This season is brought to you by the letter ‘D.’
The first objective for South Tahoe High’s football team isn’t merely clear, it’s stenciled on the back of the defense’s black practice jerseys: “Defense Wins Championships.”
For all the excitement multitalented quarterback Tim Sprinkles, the best receiver corps in the school’s history and a capable running-back-by-committee can generate, the Vikings’ fortunes largely will depend on what happens when the offense doesn’t have the ball.
“At this point in time, or defensive staff has done an outstanding job, but there’s a lot of things to work on,” said head coach Tim Jaureguito after his first-team “D” held Wooster’s first-team offense out of the end zone in a scrimmage Saturday.
The offensive line may be the team’s second-biggest concern, with only one returning starter, but defense is the biggest question mark for the Vikings, Jaureguito’s pick to finish seventh in the seven-team Northern Nevada 4A Division II.
Enter the Sierra Swarm: Defensive coordinator Mike Makley said his Vikings played well Saturday – for a scrimmage. But if Saturday was any indication, the defense intends to earn its nickname by moving as many helmets as possible to the ball, and hitting early, hard and often.
“Everyone on the defense likes to hit, that’s for sure,” said senior captain Ian Price. Price, a division two honorable-mention selection, anchors the front seven from one defensive end position, with Marty Avila on the other side. Tamzi Garza and Bucky McGrath – star of Saturday’s film review session – fill the middle at tackle.
“He’s so quick, you don’t see him, and he’s making the play in the backfield,” Makley said of McGrath, who impressed the coaches with his quickness in getting into the Wooster backfield.
Makley anticipates using multiple formations, with four linebackers seeing time as starters: Ryan Griffith, Justin Murray, Mario Guerrero and Micah Hoffman – who came up with a fumble recovery Saturday. Saturday’s scrimmage gave the defense a chance to show what it can do out of its base formation. Sparks will be the first team to travel into what the players are calling the “VOD” (Valley of Death) and see what the new defense unleashes.
“We’re going to be coming out with some crazy stuff they haven’t seen before,” said Murray, a a senior middle linebacker.
To improve the defense, the players took on a new attitude, a new dedication to hitting, and better communication – which the players fostered drilling together in the spring and summer.
“We all know each other pretty well,” said Guerrero, a senior outside backer who earned honorable mention on the division team last season. “We know what the other is thinking. We’ve got a new passion for the game. We love coming out here.”
Better depth than last year could keep the starters loving life as the year wears on.
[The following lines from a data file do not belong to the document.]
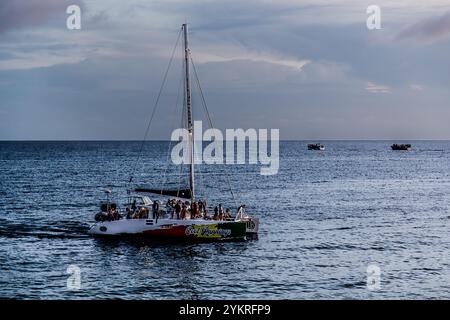 Ambiance nocturne sur l'océan sur la côte sud de Curaçao. Un catamaran avec des touristes revient de son excursion d'une journée à Willemstad et en arrière-plan, vous pouvez voir les bateaux des vendeurs de fruits et légumes vénézuéliens qui retournent au Venezuela depuis le marché flottant de Willemstad. Kaya Wilson Godett, Curaçao, Curaçao, Kòrsou Banque D'Images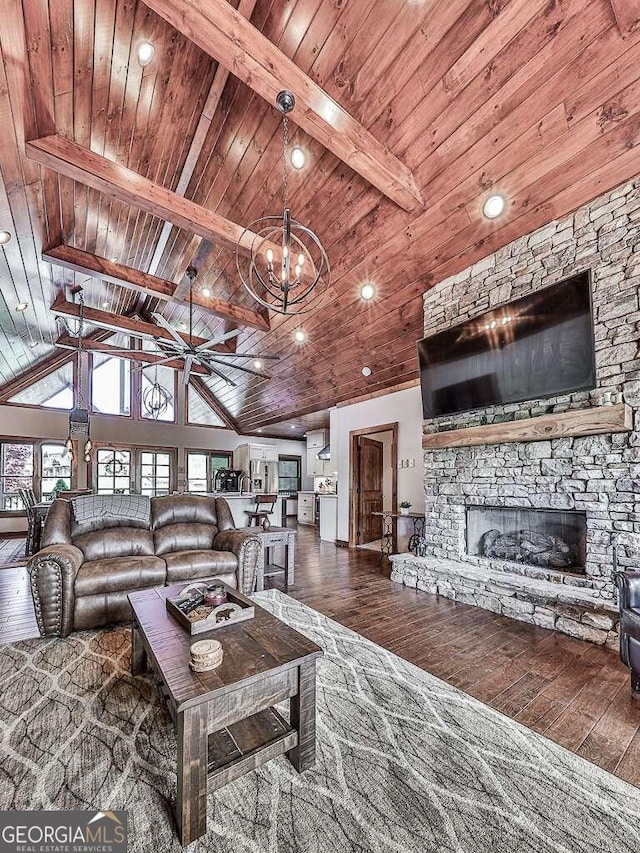 living room with beam ceiling, hardwood / wood-style floors, a stone fireplace, wood ceiling, and a chandelier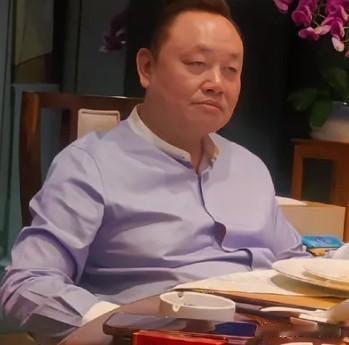 黄光裕与朋友聚餐的一张照片。他神情低沉凝重、眉头微皱，目光停滞，没有笑意，整体感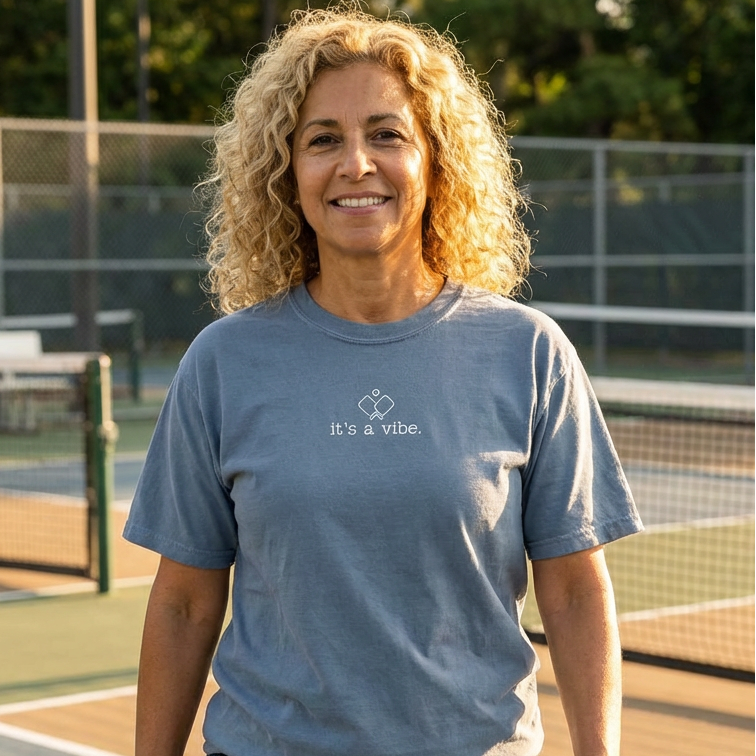 Woman wearing a blue comfort colors pickleball t-shirt that says it's a vibe on a pickleball court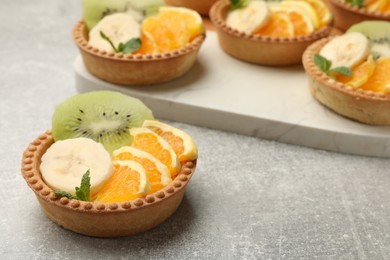 Photo of Tartlets with fruits and mint on gray textured table, closeup. Delicious dessert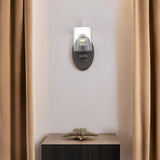 One Light Bronze Wall Light with Clear Glass Shade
A number of players could push for playing time.
“Coach Jaureguito and I were talking about it (Friday) night, and we’ve got some good depth, and it’s really going to help us,” Makley said.
That depth extends to the defensive backfield, where senior Matt George, an all-division second teamer and junior Chas Tanner anchor the corners, bookending safety Sean Kezer, a junior. However, Chris Seals could be an impact player on both sides of the ball: Seals looks to be a part-time player at slot receiver and made two highlight plays on defense Saturday, coming up from safety for the hit that caused the fumble Hoffman collected, then later picking off a deep pass. But even though the defense played well Saturday, it still has work to do.
“The kids also are really self-motivated,” Makley said. “All our guys want to get better and push ourselves.”
The defense didn’t fail to make an impression on offensive coordinator Todd McIntyre’s unit, which lines up against the defenders every day in practice. McIntyre’s offense did pretty well itself, whether Sprinkles, an honorable-mention all-conference performer – was at the controls, or junior backup Jarrod Uppendahl. The passing game’s timing was off, which McIntyre attributed to early season nerves. But with Wooster daring the Vikings to pass, South Tahoe’s running game proved it too could be effective.
“I think the offensive line and the running backs did a really good job,” McIntyre said. “All in all, I think our running and passing worked really well.”
The offensive line returns just one starter after losing all-conference first-teamer Ryan Souza and guard Richie McGuffin, an honorable-mention selection. Senior Billy Humes lines up on the same side of sophomore Garrett McIntyre, a 6-foot-4, 230-pound blocking tight end. Jake Bobman completes the strong side of the defense. Center Nick Barclay, guard Matt Ring and tackle Mark Capatani, all juniors, fill out the rest of the line.
When the Viking offense struggled last season, the team turned to an extra back for better blocking. But the Vikings worked out in a three-receiver, one-back set Saturday, and appear ready to give it a try, with running backs Jake Hurwitz and James Fabrizio, both of whom scored Saturday, splitting time behind the quarterback.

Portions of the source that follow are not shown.